Kinematics Modeling and Simulation Analysis of Human Upper Limbs for Rod Lifting

With the development of technology, exoskeleton robots have wide application in industrialization and civilian. The purpose of this paper is to analyze the kinematics and kinetics during rod lifting, thus providing the necessary suggestion for power grid maintenance exoskeleton design. Firstly, the human motion data was collected through the 3D motion capture system. Secondly, this article proposed an improved four degrees of freedom model for human pole lifting based on DH (Denavit-Hartenberg) method and human anatomy. Thirdly, we conducted dynamic analysis on the pole lifting motion based on the model and in Opensim software. During the pole hanging stage, the maximum torque of the shoulder joint was 27.7N, and the maximum torque of the elbow joint was 28.3N based on the model, with error rates(the ratio of the error between the calculated value and the simulated value to the calculated value) of 11.5% and 2.8% referring to the data in Opensim simulation.
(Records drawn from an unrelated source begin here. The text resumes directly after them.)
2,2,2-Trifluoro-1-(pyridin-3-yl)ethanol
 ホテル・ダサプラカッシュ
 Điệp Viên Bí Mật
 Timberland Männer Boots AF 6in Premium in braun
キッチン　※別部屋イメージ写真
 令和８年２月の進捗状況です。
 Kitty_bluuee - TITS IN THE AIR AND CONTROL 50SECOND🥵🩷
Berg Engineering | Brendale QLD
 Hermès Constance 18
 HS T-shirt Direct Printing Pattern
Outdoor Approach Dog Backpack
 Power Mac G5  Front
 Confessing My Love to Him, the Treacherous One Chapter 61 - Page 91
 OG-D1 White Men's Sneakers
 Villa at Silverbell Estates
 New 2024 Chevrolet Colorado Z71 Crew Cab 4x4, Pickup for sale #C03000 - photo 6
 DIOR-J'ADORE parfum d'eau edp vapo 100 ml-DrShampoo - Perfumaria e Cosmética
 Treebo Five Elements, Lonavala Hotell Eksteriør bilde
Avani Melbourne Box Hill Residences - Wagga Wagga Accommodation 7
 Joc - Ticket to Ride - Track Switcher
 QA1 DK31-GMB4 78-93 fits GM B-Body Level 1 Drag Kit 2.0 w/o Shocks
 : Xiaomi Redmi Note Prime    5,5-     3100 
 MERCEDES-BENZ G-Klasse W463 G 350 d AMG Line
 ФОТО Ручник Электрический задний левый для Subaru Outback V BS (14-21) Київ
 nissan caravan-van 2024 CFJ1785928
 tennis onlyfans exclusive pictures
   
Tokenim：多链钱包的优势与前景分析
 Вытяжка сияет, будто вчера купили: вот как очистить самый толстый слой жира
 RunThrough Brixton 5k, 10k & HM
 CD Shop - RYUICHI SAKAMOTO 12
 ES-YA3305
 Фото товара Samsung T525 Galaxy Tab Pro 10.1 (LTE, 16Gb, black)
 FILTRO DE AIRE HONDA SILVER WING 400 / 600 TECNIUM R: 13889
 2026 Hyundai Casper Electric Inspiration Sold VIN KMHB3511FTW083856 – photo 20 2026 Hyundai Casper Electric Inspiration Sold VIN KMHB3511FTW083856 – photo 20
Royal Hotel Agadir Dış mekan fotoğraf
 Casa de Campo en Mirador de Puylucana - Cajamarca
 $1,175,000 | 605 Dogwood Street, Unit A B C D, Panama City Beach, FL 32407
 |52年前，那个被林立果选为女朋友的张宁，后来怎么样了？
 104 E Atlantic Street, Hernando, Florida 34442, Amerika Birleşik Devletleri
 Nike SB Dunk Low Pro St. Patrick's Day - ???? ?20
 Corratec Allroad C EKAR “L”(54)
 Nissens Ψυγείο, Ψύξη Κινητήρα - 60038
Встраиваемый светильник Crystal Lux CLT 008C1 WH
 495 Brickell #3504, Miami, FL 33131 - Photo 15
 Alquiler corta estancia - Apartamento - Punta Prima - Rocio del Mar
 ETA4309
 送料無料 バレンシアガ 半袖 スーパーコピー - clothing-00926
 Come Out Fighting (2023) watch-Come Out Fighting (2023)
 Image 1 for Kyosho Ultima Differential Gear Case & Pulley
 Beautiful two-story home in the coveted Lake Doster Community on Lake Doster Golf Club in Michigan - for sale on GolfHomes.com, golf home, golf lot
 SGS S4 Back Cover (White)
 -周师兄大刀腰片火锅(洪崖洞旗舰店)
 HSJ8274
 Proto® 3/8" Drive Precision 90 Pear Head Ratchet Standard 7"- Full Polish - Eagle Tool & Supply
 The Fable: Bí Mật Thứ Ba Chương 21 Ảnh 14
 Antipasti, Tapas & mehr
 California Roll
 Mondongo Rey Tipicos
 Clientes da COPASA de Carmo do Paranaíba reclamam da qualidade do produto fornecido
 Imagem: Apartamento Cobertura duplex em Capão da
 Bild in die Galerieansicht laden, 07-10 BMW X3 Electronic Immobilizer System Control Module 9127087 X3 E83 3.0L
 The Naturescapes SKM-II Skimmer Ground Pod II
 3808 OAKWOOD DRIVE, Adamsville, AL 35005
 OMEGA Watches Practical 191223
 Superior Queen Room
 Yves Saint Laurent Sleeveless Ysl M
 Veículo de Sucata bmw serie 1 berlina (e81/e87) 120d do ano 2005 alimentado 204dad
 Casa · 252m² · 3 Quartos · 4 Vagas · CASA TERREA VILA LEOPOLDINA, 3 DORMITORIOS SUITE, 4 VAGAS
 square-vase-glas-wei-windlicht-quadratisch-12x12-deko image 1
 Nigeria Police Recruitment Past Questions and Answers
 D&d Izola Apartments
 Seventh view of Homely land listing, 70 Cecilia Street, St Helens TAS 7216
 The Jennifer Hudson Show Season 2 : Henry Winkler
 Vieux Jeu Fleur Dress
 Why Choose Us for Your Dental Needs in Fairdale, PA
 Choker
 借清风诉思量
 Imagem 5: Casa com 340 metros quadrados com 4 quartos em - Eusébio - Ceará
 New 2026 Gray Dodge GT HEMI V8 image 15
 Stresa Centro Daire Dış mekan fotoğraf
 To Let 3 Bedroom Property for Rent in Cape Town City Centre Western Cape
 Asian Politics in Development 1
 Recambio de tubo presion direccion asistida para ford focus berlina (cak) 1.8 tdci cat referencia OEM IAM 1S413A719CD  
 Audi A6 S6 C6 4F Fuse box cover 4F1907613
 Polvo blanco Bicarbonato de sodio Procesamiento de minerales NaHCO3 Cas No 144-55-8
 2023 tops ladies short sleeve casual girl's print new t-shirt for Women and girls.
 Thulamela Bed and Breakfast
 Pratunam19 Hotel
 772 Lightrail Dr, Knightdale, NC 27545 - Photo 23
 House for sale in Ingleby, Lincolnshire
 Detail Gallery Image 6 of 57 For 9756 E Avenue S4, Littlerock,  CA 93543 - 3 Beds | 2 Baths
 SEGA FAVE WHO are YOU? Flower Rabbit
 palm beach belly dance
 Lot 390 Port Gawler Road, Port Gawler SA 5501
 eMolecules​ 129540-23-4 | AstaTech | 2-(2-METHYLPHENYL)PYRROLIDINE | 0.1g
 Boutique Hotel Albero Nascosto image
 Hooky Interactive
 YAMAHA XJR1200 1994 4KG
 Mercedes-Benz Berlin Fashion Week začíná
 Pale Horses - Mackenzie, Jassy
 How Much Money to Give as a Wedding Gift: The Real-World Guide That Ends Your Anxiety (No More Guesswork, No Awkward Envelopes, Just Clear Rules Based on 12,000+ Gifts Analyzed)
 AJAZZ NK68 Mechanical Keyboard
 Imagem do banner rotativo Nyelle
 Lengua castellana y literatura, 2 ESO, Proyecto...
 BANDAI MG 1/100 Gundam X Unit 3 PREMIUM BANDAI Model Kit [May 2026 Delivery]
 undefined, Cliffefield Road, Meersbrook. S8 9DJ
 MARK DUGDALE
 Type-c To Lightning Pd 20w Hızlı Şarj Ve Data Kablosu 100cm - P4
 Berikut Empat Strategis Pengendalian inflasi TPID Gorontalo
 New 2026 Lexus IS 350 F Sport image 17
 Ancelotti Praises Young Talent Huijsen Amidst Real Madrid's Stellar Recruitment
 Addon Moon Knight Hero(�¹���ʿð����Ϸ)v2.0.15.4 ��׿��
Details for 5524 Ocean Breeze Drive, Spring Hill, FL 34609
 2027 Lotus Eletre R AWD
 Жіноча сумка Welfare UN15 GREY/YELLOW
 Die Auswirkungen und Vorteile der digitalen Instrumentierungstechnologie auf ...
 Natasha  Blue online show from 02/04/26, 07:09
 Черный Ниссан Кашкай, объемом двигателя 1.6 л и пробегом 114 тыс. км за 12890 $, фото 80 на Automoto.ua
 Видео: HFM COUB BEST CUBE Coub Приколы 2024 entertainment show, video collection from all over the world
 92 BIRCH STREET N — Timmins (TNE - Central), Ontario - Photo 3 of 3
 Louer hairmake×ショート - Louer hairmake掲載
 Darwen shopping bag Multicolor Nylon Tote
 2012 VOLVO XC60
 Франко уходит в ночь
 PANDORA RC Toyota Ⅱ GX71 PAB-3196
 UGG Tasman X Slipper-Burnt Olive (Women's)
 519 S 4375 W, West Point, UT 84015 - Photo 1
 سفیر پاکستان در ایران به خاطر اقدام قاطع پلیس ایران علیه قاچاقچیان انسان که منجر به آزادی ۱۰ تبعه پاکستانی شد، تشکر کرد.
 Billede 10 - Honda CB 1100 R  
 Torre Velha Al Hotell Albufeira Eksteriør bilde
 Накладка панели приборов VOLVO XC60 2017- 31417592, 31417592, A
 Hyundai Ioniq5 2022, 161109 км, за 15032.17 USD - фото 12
During the pole hanging stage, the maximum torque of the shoulder joint was 36.2N, and the maximum torque of the elbow joint was 16.3N, with error rates of 7.5% and 6.7%. Due to the fact that the source of joint torque is muscle force, we further analyzed muscle strength. The results indicated that we can assist with BRA (brachialis) and INFSP (infraspinatus) during the pole lifting stage, and BIClong (biceps brachii, long head) and INFSP (infraspinatus) during the pole hanging phase. This study provides a theoretical basis for the design of structure and control strategy of upper limb exoskeleton.